Finishing Up
On this page, you will:
- Verify your complete analytics stack is working end-to-end
- Understand when to upgrade from Lightdash to enterprise BI tools
- Learn when to choose alternative BI tools (Metabase, Omni, Tableau)
- Review what you've built across the entire modern data stack
- Explore next steps for scaling your data platform
Overview
You've built a complete analytics stack: dashboards for operational reporting, notebooks for exploratory analysis, and metrics defined in code. This page helps you verify everything works, understand when to evolve your tooling, and plan next steps.

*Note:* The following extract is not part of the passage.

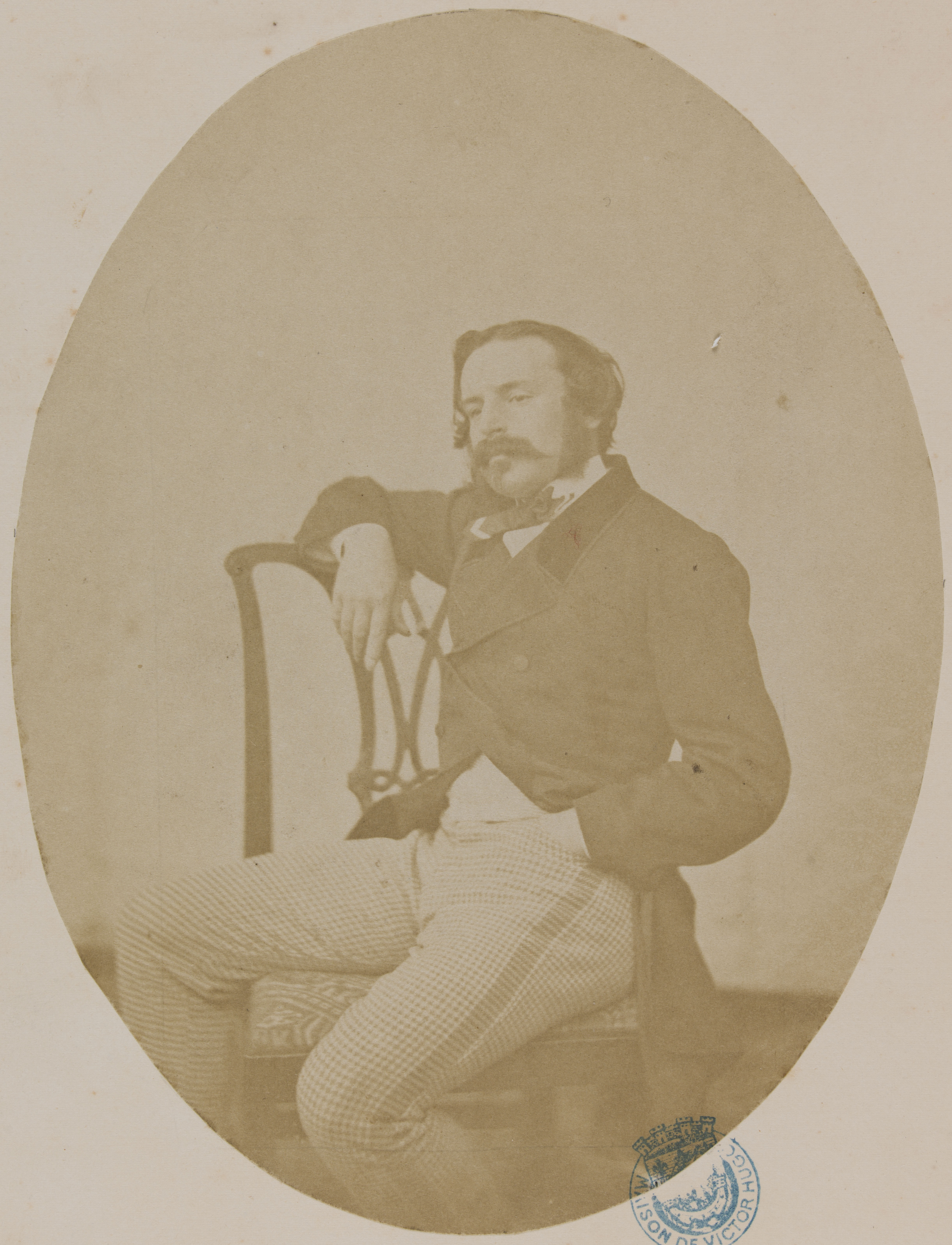 Anonyme, François-Victor Hugo assis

┌─────────────────────────────────────────────────────────────────────────┐
│ COMPLETE ANALYTICS STACK │
├─────────────────────────────────────────────────────────────────────────┤
│ │
│ Raw Data Transformation Analytics Layer │
│ ──────── ─────────────── ──────────────── │
│ │
│ ┌──────────┐ ┌──────────────┐ ┌────────────────┐ │
│ │ DLT │──▶│ dbt (MARTS) │───▶│ Lightdash │ │
│ │ SNOWPIPE │ │ • Staging │ │ • Dashboards │ │
│ │ AIRBYTE │ │ • Int models │ │ • Metrics │ │
│ └──────────┘ │ • Fact/Dim │ └────────────────┘ │
│ │ • REPORTING │ │
│ └──────────────┘ ┌────────────────┐ │
│ │ Snowsight │ │
│ │ • SQL queries │ │
│ └────────────────┘ │
│ │
│ ┌────────────────┐ │
│ │ Notebooks │ │
│ │ • Jupyter │ │
│ │ • Snowflake │ │
│ │ • Hex │ │
│ └────────────────┘ │
│ │
│ Orchestrated by Prefect, secured by role-based access control. │
│ │
└─────────────────────────────────────────────────────────────────────────┘
Verification Checklist
Confirm your analytics stack is fully operational:
Data Flow
-
Raw data loaded:
DLT,SNOWPIPE,AIRBYTEdatabases contain recent data-- Check latest load timestamps SELECT MAX(loaded_at) FROM dlt.currencies; SELECT MAX(loaded_at) FROM snowpipe.exchange_rates; SELECT MAX(loaded_at) FROM airbyte.contacts; -
dbt models built:
ANALYTICS.MARTSandANALYTICS.REPORTINGcontain transformed data-- Check latest dbt run SELECT COUNT(*) FROM analytics.marts.fct_exchange_rates; SELECT COUNT(*) FROM analytics.reporting.fct_exchange_rates; -
Orchestration working: Prefect flows run successfully and trigger dbt
- Navigate to Prefect UI → Check flow run history
- Verify no failed runs in the last 7 days
Analytics Layer
- Snowsight accessible: Can query
REPORTINGschema and create basic charts - Open Snowsight → Run a query against
fct_exchange_rates -
Create a simple chart → Verify it displays
-
Lightdash connected: Can explore dbt models and see defined metrics
- Open Lightdash → Navigate to Explore → Select
Exchange Rates -
Verify metrics appear (Average Exchange Rate, Volatility, etc.)
-
Dashboards live: Created dashboards show data and refresh automatically
- Open "GBP Exchange Rates Dashboard"
- Verify charts display data (not "No data")
-
Apply a filter → Verify charts update
-
Notebooks working: Can connect to Snowflake and query data
- Open a notebook (Snowflake Notebooks or Jupyter)
- Query
fct_exchange_rates→ Verify data loads - Create a simple plot → Verify it renders
Access Control
-
Service accounts working:
SVC_LIGHTDASHcan queryREPORTINGschemaUSE ROLE SVC_LIGHTDASH; SELECT COUNT(*) FROM analytics.reporting.fct_exchange_rates; -- Should succeed SELECT COUNT(*) FROM analytics.marts.fct_exchange_rates; -- Should fail (ANALYTICS_REPORTER has no access to MARTS) -
Roles configured: Analysts have
ANALYTICS_DEVELOPERorANALYTICS_REPORTERSHOW GRANTS TO ROLE ANALYTICS_REPORTER; -- Should show grants on REPORTING schema only
Metrics as Code
-
Metrics in dbt YAML:
fct_exchange_rates.ymlcontains metrics definitionscat models/marts/core/fct_exchange_rates.yml | grep -A 5 "metrics:" -
Auto-sync working: Pushing to
mainbranch triggers Lightdash recompile - Make a small change to a dbt YAML file (e.g., update a metric label)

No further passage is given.